Le gouvernement a déclaré que, suite à la décision du Tribunal constitutionnel, aucune modification de la législation n’est nécessaire compte tenu des effets abrogatoires de la décision du Tribunal constitutionnel sur les dispositions susmentionnées.

Prenant en compte les déclarations du gouvernement et la discussion qui a suivi, la commission a prié instamment le gouvernement:

  • d’adapter la législation nationale, en consultation avec les organisations d’employeurs et de travailleurs les plus représentatives, à la suite de l’abrogation des dispositions du Code de l’enfance et de l’adolescence par le Tribunal constitutionnel de l’Etat plurinational de Bolivie, conformément à la convention no 138, et d’informer la commission d’experts sur ces mesures;
  • de mettre à la disposition de l’inspection du travail une formation et des ressources humaines, matérielles et techniques accrues, en particulier dans le secteur informel, afin d’assurer une application plus efficace de la convention no 138 en droit et dans la pratique;
  • de se prévaloir de l’assistance technique du BIT pour revoir le Plan national pour l’élimination du travail des enfants en consultation avec les organisations d’employeurs et de travailleurs les plus représentatives;
  • de soumettre à la commission d’experts le projet final de dispositions du Code de l’enfance et de l’adolescence avant le 1er septembre 2018 et de rendre compte en détail des progrès réalisés dans l’application de la convention no 138, en droit et dans la pratique, en vue de leur examen à la prochaine session de la commission d’experts en 2018.
  • Le représentant gouvernemental a précisé que la déclaration d’inconstitutionnalité prononcée par le Tribunal constitutionnel porte effectivement sur l’article 129.II du code.
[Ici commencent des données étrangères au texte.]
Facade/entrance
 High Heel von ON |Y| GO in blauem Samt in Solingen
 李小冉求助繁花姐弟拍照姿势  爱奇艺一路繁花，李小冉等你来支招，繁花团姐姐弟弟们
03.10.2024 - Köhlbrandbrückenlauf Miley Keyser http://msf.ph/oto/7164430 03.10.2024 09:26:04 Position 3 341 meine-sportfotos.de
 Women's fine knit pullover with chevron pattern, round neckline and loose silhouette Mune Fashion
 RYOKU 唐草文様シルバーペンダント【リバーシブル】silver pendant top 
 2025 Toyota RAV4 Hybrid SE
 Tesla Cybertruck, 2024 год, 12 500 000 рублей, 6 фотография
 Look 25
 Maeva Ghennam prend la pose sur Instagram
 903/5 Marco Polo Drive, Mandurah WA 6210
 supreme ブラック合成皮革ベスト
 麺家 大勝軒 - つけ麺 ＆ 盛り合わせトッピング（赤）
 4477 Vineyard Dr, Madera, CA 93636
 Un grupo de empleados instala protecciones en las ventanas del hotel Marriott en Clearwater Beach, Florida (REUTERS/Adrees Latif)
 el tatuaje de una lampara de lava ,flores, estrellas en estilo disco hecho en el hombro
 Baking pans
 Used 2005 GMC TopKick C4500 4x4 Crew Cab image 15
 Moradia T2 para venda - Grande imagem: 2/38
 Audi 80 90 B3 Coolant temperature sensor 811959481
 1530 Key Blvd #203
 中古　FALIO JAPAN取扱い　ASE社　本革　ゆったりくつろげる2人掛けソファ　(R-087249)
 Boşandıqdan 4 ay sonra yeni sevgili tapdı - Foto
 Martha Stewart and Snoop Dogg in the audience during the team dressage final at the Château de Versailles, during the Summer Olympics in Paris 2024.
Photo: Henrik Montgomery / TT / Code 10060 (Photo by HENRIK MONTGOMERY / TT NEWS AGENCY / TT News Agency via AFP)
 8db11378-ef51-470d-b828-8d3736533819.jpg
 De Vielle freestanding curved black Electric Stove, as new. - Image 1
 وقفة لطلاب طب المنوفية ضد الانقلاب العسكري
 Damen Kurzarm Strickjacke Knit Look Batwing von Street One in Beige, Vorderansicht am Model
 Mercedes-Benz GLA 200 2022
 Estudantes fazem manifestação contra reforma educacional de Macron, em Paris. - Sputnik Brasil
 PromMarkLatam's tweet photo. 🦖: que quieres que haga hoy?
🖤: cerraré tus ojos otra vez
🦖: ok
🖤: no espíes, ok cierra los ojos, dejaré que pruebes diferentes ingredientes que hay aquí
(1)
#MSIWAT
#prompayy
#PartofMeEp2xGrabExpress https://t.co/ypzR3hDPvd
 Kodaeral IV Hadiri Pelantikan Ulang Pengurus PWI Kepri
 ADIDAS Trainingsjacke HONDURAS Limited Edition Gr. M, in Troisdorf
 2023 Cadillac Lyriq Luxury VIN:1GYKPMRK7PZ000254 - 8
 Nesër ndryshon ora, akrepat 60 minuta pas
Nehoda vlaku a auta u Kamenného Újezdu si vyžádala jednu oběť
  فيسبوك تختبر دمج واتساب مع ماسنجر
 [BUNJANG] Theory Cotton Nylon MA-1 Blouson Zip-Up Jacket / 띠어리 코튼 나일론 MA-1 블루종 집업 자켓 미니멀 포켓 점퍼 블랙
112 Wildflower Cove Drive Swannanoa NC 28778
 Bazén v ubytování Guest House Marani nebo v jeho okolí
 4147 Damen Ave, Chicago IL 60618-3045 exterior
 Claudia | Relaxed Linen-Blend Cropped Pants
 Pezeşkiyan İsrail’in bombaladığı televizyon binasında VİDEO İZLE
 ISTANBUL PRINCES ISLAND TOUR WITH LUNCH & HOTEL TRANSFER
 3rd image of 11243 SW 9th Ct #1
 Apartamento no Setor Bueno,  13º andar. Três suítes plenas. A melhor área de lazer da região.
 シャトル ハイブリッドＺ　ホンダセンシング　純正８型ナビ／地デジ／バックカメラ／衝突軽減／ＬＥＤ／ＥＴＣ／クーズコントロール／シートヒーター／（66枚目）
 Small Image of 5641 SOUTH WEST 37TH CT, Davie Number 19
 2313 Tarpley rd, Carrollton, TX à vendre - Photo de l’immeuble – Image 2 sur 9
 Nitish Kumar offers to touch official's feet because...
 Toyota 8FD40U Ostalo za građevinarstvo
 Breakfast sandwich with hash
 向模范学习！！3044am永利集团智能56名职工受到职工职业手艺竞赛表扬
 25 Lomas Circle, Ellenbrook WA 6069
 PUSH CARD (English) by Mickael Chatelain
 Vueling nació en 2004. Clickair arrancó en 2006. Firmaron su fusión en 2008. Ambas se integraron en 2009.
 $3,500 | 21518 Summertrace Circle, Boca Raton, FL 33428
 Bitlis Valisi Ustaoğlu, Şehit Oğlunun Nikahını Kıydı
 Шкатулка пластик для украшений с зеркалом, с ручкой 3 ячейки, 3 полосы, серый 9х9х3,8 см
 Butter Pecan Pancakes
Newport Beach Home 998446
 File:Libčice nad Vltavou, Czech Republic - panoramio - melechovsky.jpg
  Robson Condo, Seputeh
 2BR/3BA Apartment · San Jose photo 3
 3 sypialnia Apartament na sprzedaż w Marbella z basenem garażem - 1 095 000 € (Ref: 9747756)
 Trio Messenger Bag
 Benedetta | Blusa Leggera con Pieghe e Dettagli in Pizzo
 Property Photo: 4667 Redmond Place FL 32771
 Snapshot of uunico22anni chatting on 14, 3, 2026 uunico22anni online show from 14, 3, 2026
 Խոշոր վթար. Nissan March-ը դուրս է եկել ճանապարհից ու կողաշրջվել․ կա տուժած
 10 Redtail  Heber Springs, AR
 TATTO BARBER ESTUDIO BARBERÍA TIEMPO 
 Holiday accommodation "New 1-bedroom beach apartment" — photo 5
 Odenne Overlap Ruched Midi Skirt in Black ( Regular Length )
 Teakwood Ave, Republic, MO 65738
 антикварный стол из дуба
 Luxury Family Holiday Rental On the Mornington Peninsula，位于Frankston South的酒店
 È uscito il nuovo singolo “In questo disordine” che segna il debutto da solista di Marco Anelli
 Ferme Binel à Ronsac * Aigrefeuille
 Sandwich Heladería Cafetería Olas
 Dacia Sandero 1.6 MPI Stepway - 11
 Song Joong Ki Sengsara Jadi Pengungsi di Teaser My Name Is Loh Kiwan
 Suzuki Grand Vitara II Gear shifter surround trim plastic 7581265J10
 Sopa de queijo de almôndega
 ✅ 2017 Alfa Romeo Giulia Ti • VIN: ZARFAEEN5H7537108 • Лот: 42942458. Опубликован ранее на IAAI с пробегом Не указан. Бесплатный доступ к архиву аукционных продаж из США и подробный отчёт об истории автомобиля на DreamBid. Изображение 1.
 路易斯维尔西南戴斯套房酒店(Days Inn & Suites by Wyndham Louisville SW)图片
Toutefois, en ce qui concerne les articles 130.III; 131.I, III et IV; 133.III et IV; et 138.I, la déclaration d’inconstitutionnalité n’a été prononcée qu’en ce qui concerne le caractère exceptionnel de la fixation à 10 ans de l’âge minimum d’admission aux travaux légers. L’orateur a jugé important de prendre en compte cette situation puisque le premier point des conclusions semble suggérer, à tort, que toutes les dispositions susmentionnées ont été laissées sans effet.